▶ **EXERCISE OBJECTIVE**: Without the pictures, set down exactly the lines from the one that contains "0.5 12Pin 掀盖 式H1.0mm" to the end of the entries, both included, and nothing besides.

▶ **EXTRACTED DATA**:
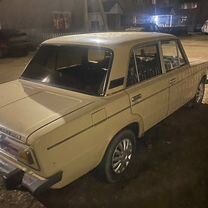 ВАЗ (LADA) 2106 1.3 MT, 1988, 35 000 км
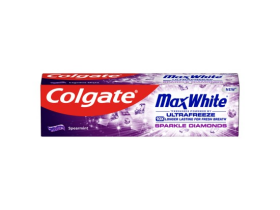 Colgate® Max White Sparkle Diamonds zubní pasta 75 ml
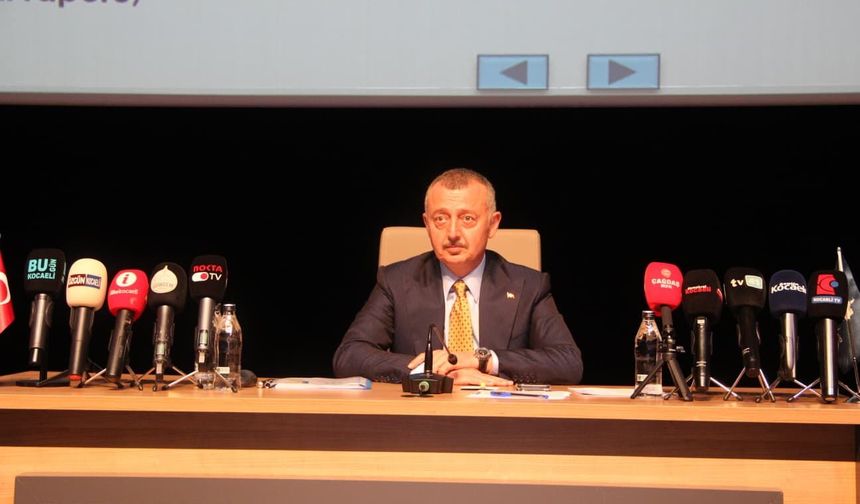 Dip çamuru yetkisine CHP'den şerh: “Çevre yönetimi afişlerle değil verilerle yapılır”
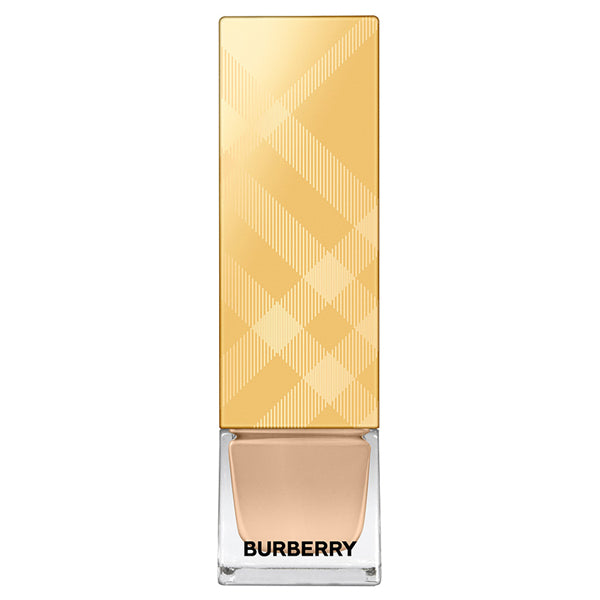 Burberry Ultimate Glow Foundation, 50 MEDIUM NEUTRAL, 30ml, Fresh and rich texture
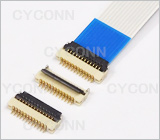 0.5 12Pin 掀盖 式H1.0mm FPC连接器图,0.5 12PIN 翻盖式FPC连接器H.0图片,0.5 12Pin掀盖FPC连接器相片,0.5 12PIN掀盖式插座图,0.5 12Pin 掀盖式 FFC连接器图,0.5mm Pitch 12Pin Down Contact ZIF Fpc Connector Picture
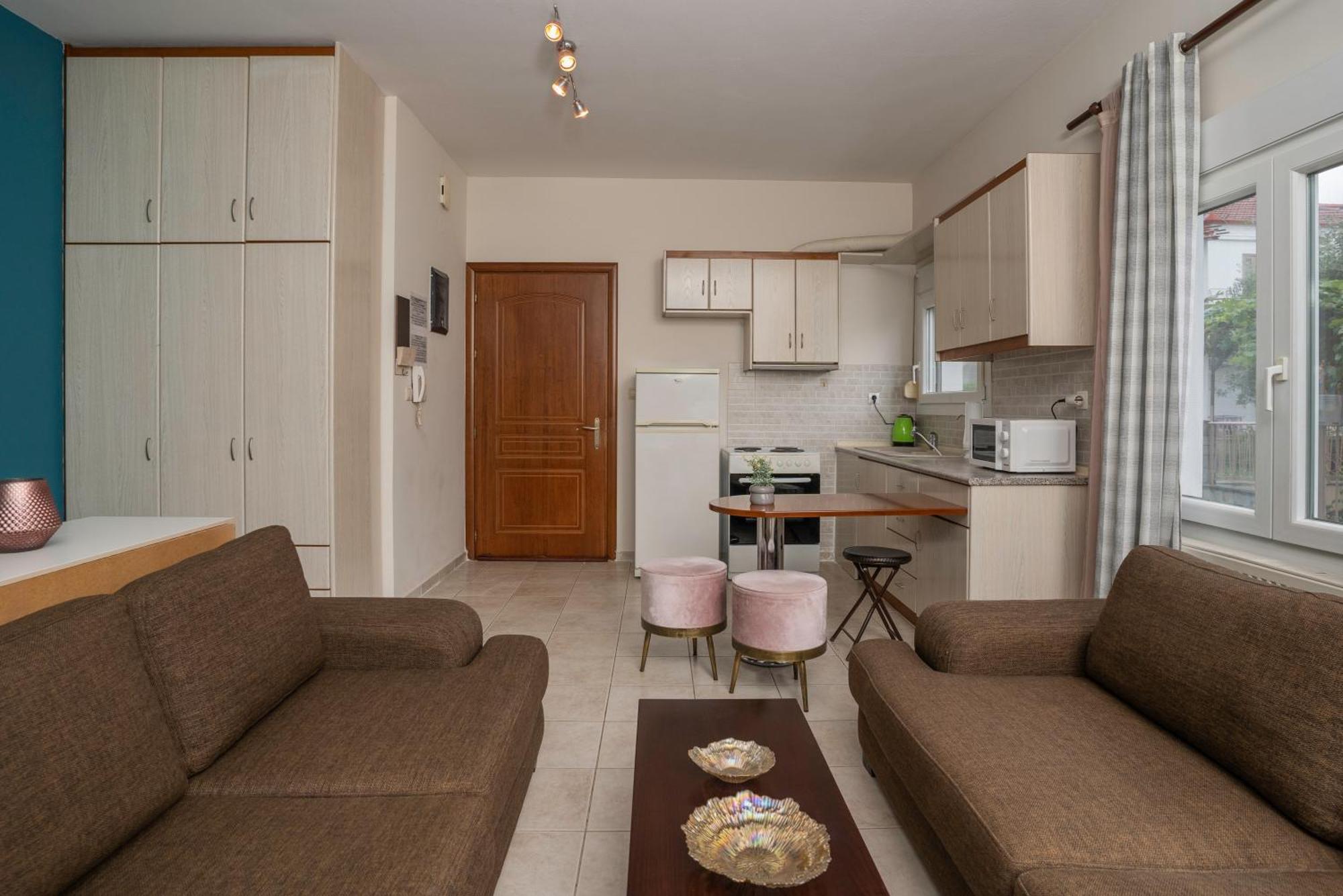 Litochoro Apartment Kültér fotó
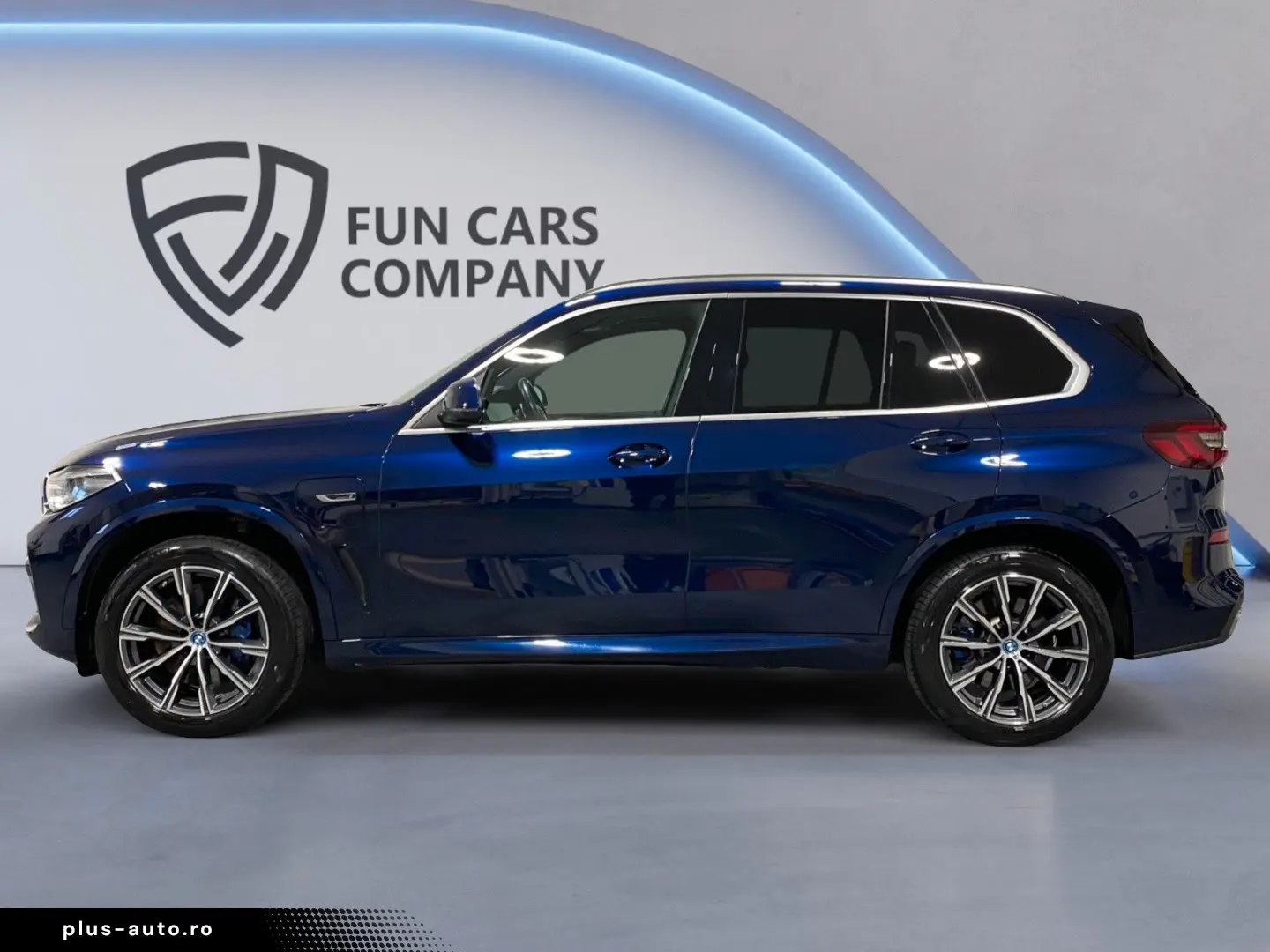 BMW X5 xDrive 45e M Sport GESTIK KAMERA LASER HuD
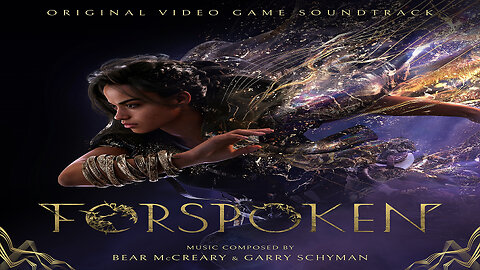 Forspoken Digital Mini Soundtrack Album.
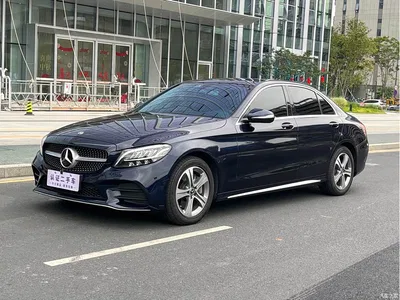 2019 Mercedes-Benz C-Class C 260 L, фото 1, лот 11583339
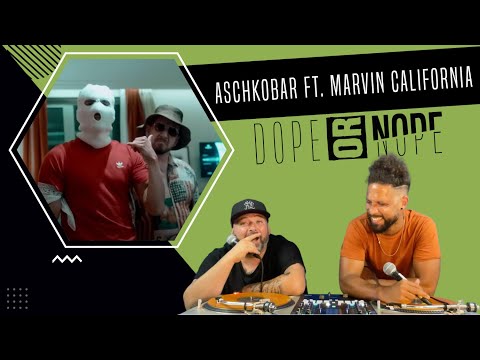 BESTE! BESTE! | Aschkobar ft. Marvin California - Bogota | Sherlock Jones & Big Boi Watson Reaction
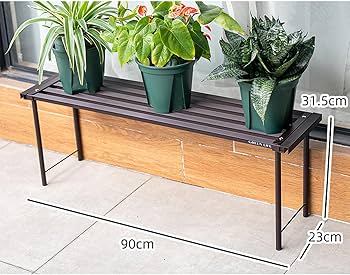 Amazon.co.jp: MJKQ9 アルミ製フラワーステージ フラワースタンド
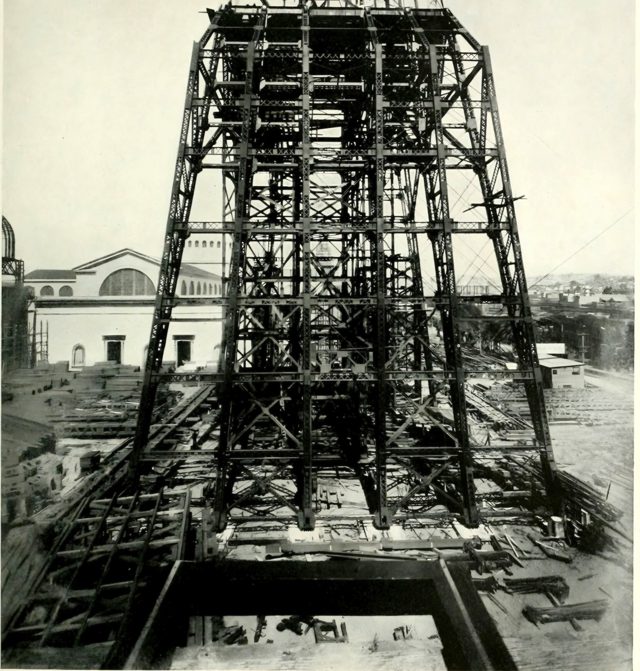 Framing the Tower of Jewels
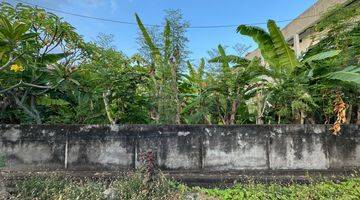 Gambar 1 Tanah Kavling Cocok Bangun Rumah, Villa Lokasi Premium di Renon 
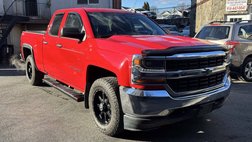 2016 Chevrolet Silverado 1500 LS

▶ **RESPONSE TO THE TASK**:
 0.5 12Pin 掀盖 式H1.0mm FPC连接器图,0.5 12PIN 翻盖式FPC连接器H.0图片,0.5 12Pin掀盖FPC连接器相片,0.5 12PIN掀盖式插座图,0.5 12Pin 掀盖式 FFC连接器图,0.5mm Pitch 12Pin Down Contact ZIF Fpc Connector Picture
 Litochoro Apartment Kültér fotó
 BMW X5 xDrive 45e M Sport GESTIK KAMERA LASER HuD
 Forspoken Digital Mini Soundtrack Album.
 2019 Mercedes-Benz C-Class C 260 L, фото 1, лот 11583339
 BESTE! BESTE! | Aschkobar ft. Marvin California - Bogota | Sherlock Jones & Big Boi Watson Reaction
 Amazon.co.jp: MJKQ9 アルミ製フラワーステージ フラワースタンド
 Framing the Tower of Jewels
 Gambar 1 Tanah Kavling Cocok Bangun Rumah, Villa Lokasi Premium di Renon 
 2016 Chevrolet Silverado 1500 LS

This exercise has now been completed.